Which is the riskier investment?
Entrepreneur A has put together a business plan for the new restaurant.
Entrepreneur B has also put together a business plan for the restaurant…and he has also put together the menu, secured a deal for leasing space, received a detailed contract with a design/build firm, signed an employment agreement with the head chef, etc.
Clearly investing in Entrepreneur B is less risky, because Entrepreneur B has already has already accomplished some of his “risk mitigating milestones.”
Establishing Your Risk Mitigating Milestones
A “risk mitigating milestone” is an event that when completed, makes your company more likely to succeed. For example, for a restaurant, some of the “risk mitigating milestones” would include:
Finding the location
Getting the permits and licenses
Building out the restaurant
Hiring and training the staff
Opening the restaurant
Reaching $20,000 in monthly sales
Reaching $50,000 in monthly sales
As you can see, each time the restaurant achieves a milestone, the risk to the investor or lender decreases significantly. There are fewer things that can go wrong. And by the time the business reaches its last milestone, it has virtually no risk of failure.
To give you another example, for a new software company the risk mitigating milestones might be:
Designing a prototype
Getting successful beta testing results
Getting the product to a point where it is market-ready
Getting customers to purchase the product
Securing distribution partnerships
Reaching monthly revenue milestones
The key point when it comes to raising money is this: you generally do NOT raise ALL the money you need for your venture upfront. You merely raise enough money to achieve your initial milestones. Then, you raise more money later to accomplish more milestones.
Yes, you are always raising money to get your company to the next level. Even Fortune 100 companies do this – they raise money by issuing more stock in order to launch new initiatives. It’s an ongoing process-not something you do just once.
Creating Your Milestone Chart & Funding Requirements
The key is to first create your detailed risk mitigating milestone chart. Not only is this helpful for funding, but it will serve as a great “To Do” list for you and make sure you continue to achieve goals each day, week and month that progress your business.

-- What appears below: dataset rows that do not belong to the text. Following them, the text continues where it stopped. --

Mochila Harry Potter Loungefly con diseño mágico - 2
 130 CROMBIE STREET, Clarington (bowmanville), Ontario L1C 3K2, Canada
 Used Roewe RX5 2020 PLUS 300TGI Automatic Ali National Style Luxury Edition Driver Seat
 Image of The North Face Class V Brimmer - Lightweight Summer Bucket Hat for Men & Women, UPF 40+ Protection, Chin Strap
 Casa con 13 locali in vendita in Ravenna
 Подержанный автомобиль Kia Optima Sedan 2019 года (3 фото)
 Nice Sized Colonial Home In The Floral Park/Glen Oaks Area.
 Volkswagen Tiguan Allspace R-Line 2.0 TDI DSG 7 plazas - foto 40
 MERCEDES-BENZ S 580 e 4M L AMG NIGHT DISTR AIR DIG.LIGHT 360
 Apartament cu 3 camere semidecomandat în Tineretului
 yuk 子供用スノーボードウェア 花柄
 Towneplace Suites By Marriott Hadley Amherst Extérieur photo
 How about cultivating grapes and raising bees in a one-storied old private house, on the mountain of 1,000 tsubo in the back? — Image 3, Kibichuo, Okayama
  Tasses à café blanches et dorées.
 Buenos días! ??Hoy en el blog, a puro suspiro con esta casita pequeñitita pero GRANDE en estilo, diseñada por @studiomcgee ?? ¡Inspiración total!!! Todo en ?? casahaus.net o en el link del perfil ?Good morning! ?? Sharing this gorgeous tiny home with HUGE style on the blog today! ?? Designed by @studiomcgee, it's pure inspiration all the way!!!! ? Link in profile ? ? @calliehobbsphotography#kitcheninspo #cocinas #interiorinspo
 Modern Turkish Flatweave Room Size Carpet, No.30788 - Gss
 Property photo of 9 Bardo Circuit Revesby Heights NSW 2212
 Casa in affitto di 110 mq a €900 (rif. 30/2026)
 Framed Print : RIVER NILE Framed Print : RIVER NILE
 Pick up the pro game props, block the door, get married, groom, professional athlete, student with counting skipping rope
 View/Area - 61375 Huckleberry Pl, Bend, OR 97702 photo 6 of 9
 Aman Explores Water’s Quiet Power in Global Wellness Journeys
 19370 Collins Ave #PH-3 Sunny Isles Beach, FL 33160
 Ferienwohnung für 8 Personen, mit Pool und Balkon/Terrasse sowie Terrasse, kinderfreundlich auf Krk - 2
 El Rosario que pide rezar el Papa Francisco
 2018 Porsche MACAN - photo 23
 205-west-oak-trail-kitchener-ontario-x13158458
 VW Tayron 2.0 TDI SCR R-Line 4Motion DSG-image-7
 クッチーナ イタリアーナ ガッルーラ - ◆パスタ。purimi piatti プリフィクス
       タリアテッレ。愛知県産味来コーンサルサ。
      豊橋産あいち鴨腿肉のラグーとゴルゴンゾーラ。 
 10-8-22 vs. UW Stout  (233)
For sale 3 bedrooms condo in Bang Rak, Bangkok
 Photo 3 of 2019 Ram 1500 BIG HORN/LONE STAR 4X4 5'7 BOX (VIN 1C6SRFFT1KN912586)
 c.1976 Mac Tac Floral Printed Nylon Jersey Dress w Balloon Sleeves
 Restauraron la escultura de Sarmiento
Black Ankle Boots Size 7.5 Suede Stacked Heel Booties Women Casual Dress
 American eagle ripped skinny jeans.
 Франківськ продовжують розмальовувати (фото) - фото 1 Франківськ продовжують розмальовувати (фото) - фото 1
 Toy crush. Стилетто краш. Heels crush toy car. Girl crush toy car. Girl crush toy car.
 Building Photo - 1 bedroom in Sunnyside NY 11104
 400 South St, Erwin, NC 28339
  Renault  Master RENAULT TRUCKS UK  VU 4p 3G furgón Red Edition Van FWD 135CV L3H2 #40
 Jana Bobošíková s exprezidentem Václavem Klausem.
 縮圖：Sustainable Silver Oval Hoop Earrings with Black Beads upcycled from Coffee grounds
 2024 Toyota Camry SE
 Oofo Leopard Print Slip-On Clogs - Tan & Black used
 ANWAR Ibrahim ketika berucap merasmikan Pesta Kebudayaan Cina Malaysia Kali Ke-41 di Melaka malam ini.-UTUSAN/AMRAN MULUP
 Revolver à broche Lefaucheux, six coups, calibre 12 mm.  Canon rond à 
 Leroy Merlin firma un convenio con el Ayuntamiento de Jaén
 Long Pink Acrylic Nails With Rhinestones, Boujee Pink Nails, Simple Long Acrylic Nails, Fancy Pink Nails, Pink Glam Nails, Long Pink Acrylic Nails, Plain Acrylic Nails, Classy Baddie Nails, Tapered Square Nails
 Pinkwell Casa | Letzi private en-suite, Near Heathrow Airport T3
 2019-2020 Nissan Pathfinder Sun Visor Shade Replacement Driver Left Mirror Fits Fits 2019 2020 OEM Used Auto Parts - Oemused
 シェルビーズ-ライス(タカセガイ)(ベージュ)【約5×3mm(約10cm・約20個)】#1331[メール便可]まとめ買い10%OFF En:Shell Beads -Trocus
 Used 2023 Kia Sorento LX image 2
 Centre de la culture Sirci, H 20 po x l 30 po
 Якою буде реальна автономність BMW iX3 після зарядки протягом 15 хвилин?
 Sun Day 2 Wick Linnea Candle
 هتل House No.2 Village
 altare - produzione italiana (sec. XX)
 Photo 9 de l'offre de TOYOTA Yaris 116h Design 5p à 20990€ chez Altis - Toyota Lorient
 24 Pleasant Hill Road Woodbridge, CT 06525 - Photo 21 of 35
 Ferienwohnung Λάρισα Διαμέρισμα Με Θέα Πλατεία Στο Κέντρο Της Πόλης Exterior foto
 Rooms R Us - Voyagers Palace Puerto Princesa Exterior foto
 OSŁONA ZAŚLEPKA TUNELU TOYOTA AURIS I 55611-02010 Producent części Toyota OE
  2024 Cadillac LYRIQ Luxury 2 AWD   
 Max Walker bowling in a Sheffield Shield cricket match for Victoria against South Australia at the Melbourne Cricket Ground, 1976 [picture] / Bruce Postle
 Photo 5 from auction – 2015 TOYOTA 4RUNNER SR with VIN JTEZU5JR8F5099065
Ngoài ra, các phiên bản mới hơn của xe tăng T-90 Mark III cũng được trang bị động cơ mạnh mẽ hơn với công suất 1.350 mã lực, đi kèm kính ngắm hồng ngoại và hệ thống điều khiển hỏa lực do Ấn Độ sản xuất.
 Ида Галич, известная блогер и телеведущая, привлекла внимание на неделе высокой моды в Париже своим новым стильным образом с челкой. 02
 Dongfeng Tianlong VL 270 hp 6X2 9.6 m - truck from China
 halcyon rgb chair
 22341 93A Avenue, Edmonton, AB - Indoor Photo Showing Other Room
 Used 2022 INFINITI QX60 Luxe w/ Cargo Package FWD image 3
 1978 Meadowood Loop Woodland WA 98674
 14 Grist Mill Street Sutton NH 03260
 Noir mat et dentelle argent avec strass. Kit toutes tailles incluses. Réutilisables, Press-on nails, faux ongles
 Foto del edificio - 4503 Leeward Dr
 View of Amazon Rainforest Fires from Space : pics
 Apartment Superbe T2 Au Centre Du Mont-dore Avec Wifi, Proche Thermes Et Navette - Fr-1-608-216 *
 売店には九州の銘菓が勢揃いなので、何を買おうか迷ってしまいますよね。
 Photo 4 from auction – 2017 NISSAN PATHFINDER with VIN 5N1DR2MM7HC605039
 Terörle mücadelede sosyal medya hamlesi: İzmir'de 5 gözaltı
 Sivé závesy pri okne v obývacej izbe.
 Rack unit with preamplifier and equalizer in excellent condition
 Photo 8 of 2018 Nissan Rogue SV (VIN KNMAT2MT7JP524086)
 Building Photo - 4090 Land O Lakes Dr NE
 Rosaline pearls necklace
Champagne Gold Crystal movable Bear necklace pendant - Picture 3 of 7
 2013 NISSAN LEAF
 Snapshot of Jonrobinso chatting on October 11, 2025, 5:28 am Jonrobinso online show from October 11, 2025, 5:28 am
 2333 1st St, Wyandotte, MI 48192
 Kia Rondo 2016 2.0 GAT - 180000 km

Shoot for listing approximately six big milestones to achieve in the next year, five milestones to achieve next year, and so on for up to 5 years (so include two milestones to achieve in year 5). And alongside the milestones, include the time (expected completion date) and the amount of funding you will need to attain them.
Example: Launch billboard marketing campaign over 6 months, spending $18,000
After you create your milestone chart, you need to prioritize. Determine the milestones that youabsolutely must accomplish with the initial funding. Ideally, these milestones will get you to point where you are generating revenues. This is because the ability to generate revenues significantly reduces the risk of your venture; as it proves to lenders and investors that customers want what you are offering.
By setting up your milestones, you will figure out what you can accomplish for less money. And the fact is, the less money you need to raise, the easier it generally is to raise it (mainly because the easiest to raise money sources offer lower dollar amounts).
The other good news is that if you raise less money now, you will give up less equity and incur less debt, which will eventually lead to more dollars in your pocket.
Finally, when you eventually raise more money later (in a future funding round), because you have already achieved numerous milestones, you will raise it easier and secure better terms (e.g., higher valuation, lower interest rate, etc.).
It might surprise you what you can accomplish with less money! So write up your list of risk mitigating milestones and determine which must be done now and which can wait for later, focusing first on what is most likely to generate revenues.